Sunday, December 7, 2014

Mannes Piano Recital: Vladimir Feltsman Performs Schnittke

Friday evening's recital at Mannes's downtown location featured only two works, both of them by the late twentieth century composer Alfred Schnittke.  The event was curated by pianist Vladimir Feltsman who also took part in the performance of the second work.

It is only recently that Schnittke's importance to the development of serious music has come to be appreciated by the general public.  This despite the fact that, following the death of Shostakovich in 1975, Schnittke was generally recognized by critics as the preeminent Soviet composer of his day, a thinker who exerted a strong influence on other artists not only in Russia but abroad as well.  In January, an entire week of concerts and recitals was staged in his honor and that of his associates at a Julliard Focus series whose highlights included performances of both the Fourth and Eighth symphonies in addition to a number of his chamber works.

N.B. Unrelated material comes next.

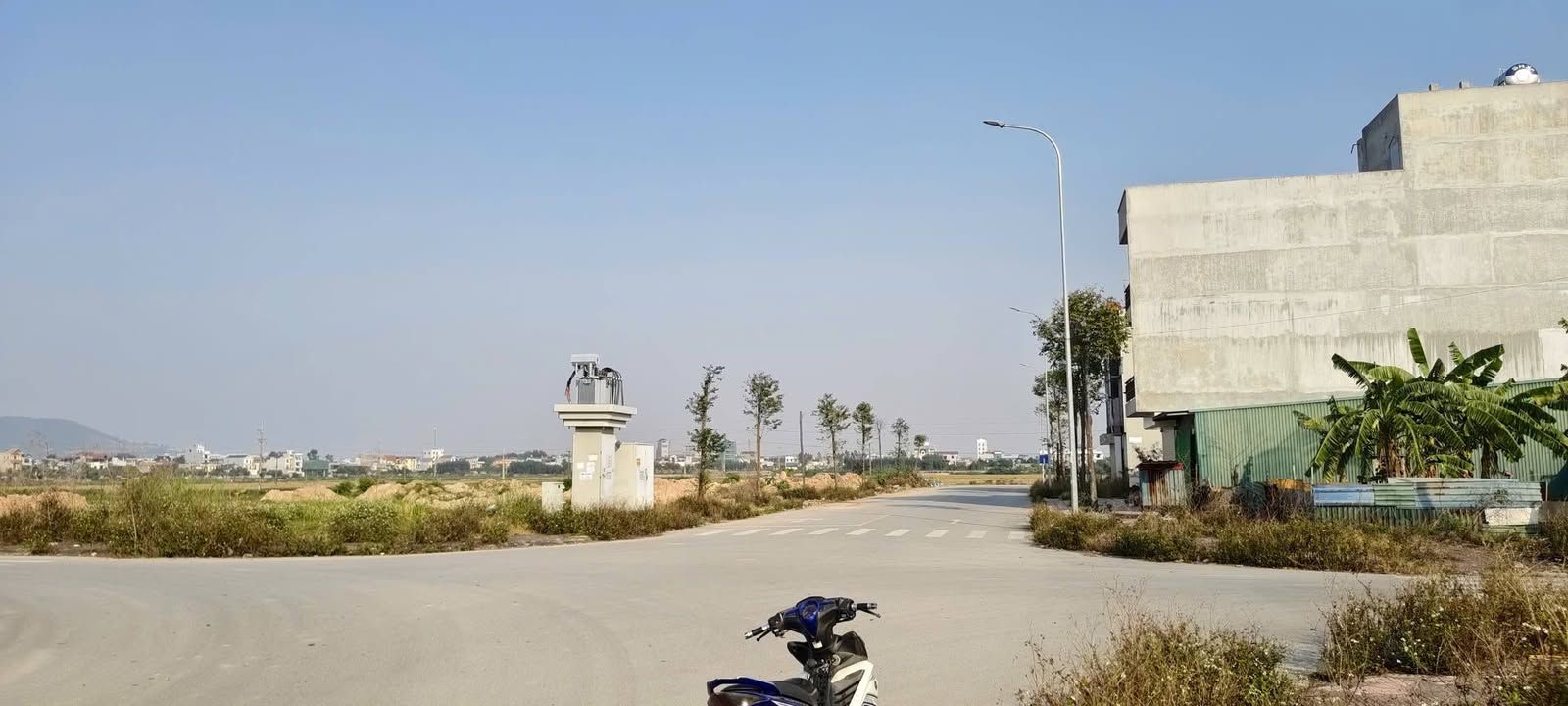 Lô đất đẹp Lạc Vệ newcenter Tiên Du 100m² giá 4.x tỷ - Tiện ích vượt trội!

Schnittke was a theoretician as well as a composer and wrote a series of seminal essays, the most noteworthy of which dealt with with his espousal of polystylism.  According to this theory, high and low forms of music are combined within a single piece in order to provide to the listener additional associations that enrich the meaning of the work at hand.  Schnittke's interest in such a combination may very well have developed from the schizophrenic nature of his own career.  Since his serious work was repressed by Soviet authorities and remained largely unplayed, Schnittke was forced to earn a living as a composer of film scores.  This was not so unique an occurrence as one might imagine.  Following the uproar over Lady Macbeth of Mtsensk in 1936, Shostakovich spent much of the following year performing a similar task while all the while keeping a very low profile.  Music for films was considered a safe and acceptable outlet for otherwise problematic Soviet composers as such an activity did not carry with it the political implications entailed in the composition of more public works, such as symphonies.  At any rate, in a biographical essay, Alexander Ivashkin claimed that Schnittke completed as many as 66 such film scores.  No wonder then that Schnittke wrote in his essay "On Concerto Grosso No. 1" the following:
"For several years I experienced an inward urge to write music for the cinema and theater.  At first I enjoyed doing this, then it became a burden, and then it dawned on me: my lifelong task would be to bridge the gap between serious music and music entertainment, even if I broke my neck in the process.  I have this dream of a unified style where fragments of serious music and fragments of music for entertainment would not just be scattered about in a frivolous way, but would be the elements of a diverse musical reality..."
Friday's program opened with a performance by Baron Fenwick, a Mannes student taught by Feltsman, of Schnittke's Piano Sonata No. 1 (1987).  And certainly there could be no greater authority on the work than Feltsman himself as the sonata had been written specifically for him by Schnittke.  In fact, the composer had placed within the score notes that represented both his own and Feltsman's names and from these derived the theme for the entire work.  The sonata turned out to be an incredibly complex and technically demanding piece that showed the great faith Schnittke must have had in Feltsman's abilities as a pianist.  Here, the student Fenwick gave a brilliant performance of the sonata that allowed the listener to fully appreciate its worth.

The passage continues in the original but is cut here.